Addressing the event, which convened on the sidelines of the third session of intergovernmental negotiations on the post-2015 development agenda on 24 March 2015, in New York, US, Per Thöresson, Deputy Permanent Representative of Sweden, called for a cross-sectoral perspective to find solutions to the challenges facing oceans. He said Sweden’s priorities include: combating plastic pollution; addressing linkages between climate change and ocean acidification; and protection of biodiversity in areas beyond national jurisdiction.

Lisa Emilia Svensson, Sweden’s Ambassador for Oceans, Seas and Fresh Water, chaired the event and said the estimated US$3-6 trillion annual value of oceans enables a comparison with other priorities, and communication with investors.

Peter Thomson, Permanent Representative of Fiji, cited the need for strong domestic and international political leadership to drive oceans governance reforms, and action programs to reverse oceans’ decline. With humanity’s approach to oceans “uncontrolled,” he said, UN-Oceans needs strengthening. Thomson also called for vigilance against watering down the proposed SDG 14. He announced a forthcoming process of triennial global oceans and seas summits, beginning in 2017, in order to “keep SDG 14 honest” and feed the results into the High-level Political Forum on Sustainable Development (HLPF) and UNGA processes on accountability of the post-2015 agenda.

Andrew Hudson, former UN-Oceans coordinator, noted that the body has new terms of reference, with the UN Division for Ocean Affairs and the Law of the Sea (DOALOS) as its focal point, the membership is expanding, and it is undertaking a mapping of organizations working on oceans activities to improve coordination.

Ronald Jumeau, Ambassador of the Seychelles on Climate Change and Small Island Developing States (SIDS) Issues, stressed the causal relationships between oceans and climate change, pointing to the recent cyclone that devastated Vanuatu and has been directly linked to higher-than-average surface water.
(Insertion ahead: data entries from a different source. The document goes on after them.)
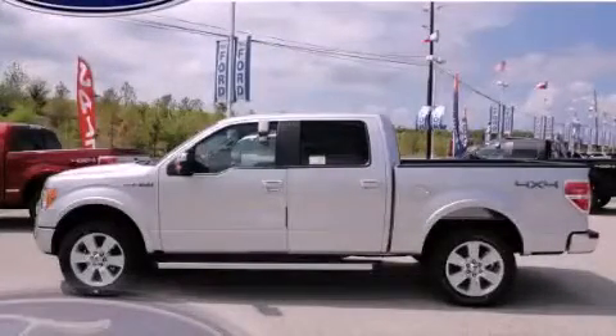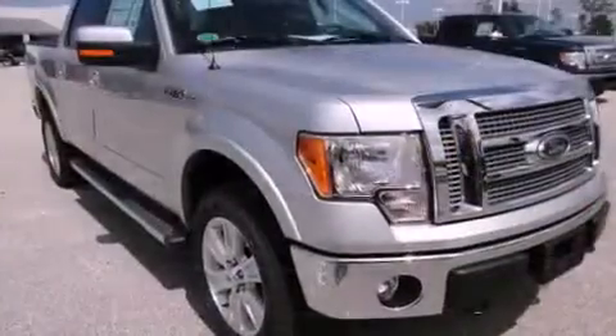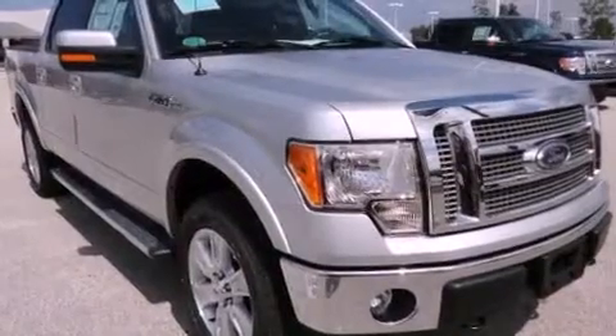This is a brand new 2011 Ford F-150. Whether hauling, commuting, or towing, this truck is the right one for you.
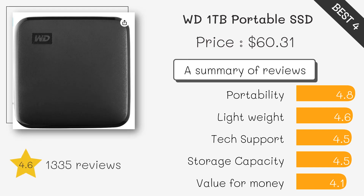Western Digital focuses on reliability and speed with its My Passport SSD, making it suitable for data protection and backup needs. It comes in various capacity options.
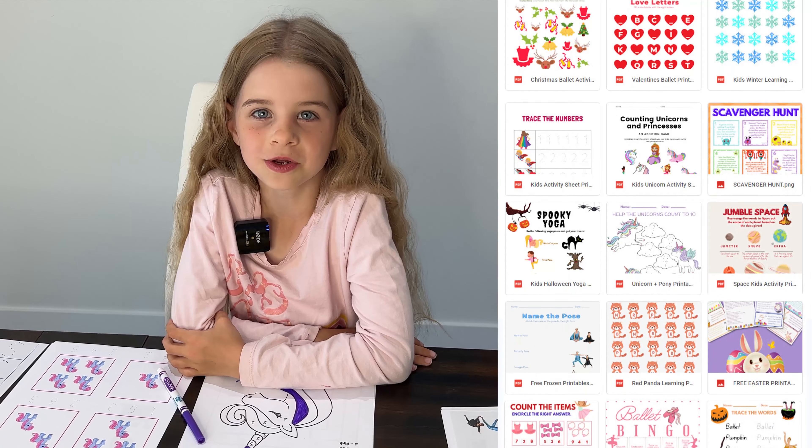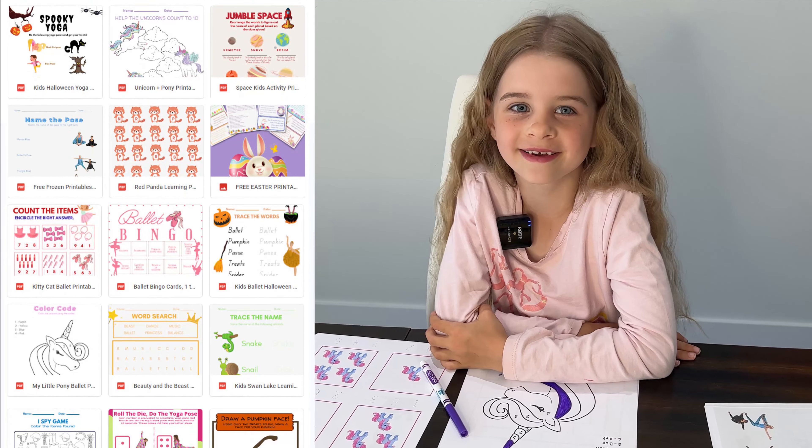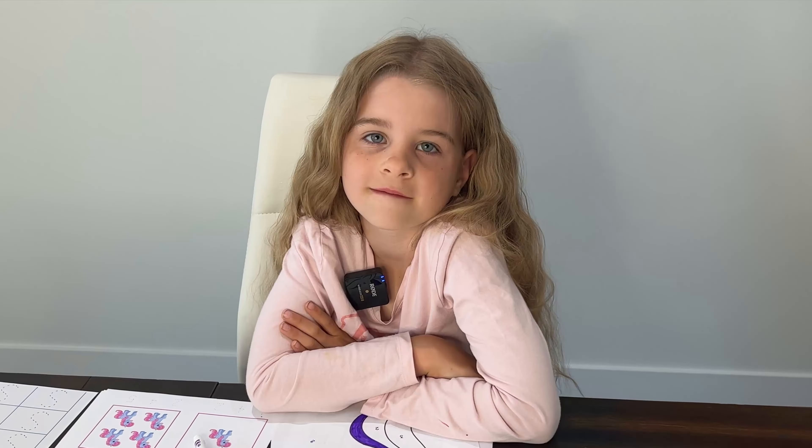We want to make these activity sheets really easy for you to find. Since we have more than 100, we put them all in one place for you. You can get these free activity sheets in the description box below. Go down to the right hand side and click this little arrow and then just follow the link.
He also explained the universality of oceans, including through their links to climate trends that affect the highest peaks, rainforests around the world, and desert interiors in Africa. Jumeau concluded that the success of all the SDGs is “in the indicators.”

Antonio García Allut, President, Fundacion Lonxanet, praised the inclusion of 14.b on access of small-scale artisanal fishers to marine resources and markets. He highlighted such fishers’ role in collecting data to monitor progress on SDG 14 and its targets. Given their expertise, García said, resource conservation cannot be done with “backs turned to them.”
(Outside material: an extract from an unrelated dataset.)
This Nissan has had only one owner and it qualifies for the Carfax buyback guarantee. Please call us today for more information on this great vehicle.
Rémi Parmentier, Deputy Executive Secretary, GOC Secretariat, highlighted the eight proposals in the 2014 GOC report on rescuing the oceans, and the Commission’s support for the process to develop an international, legally binding instrument under the UN Convention on the Law of the Sea (UNCLOS) on the conservation and sustainable use of high seas biodiversity. Parmentier called for the indicators for the SDGs to be policy-relevant, and expressed hope for a stand-alone goal on oceans, with strong indicators that place oceans at the heart of sustainable development, “where they belong.” [IISD RS Sources] [Global Ocean Commission Press Release]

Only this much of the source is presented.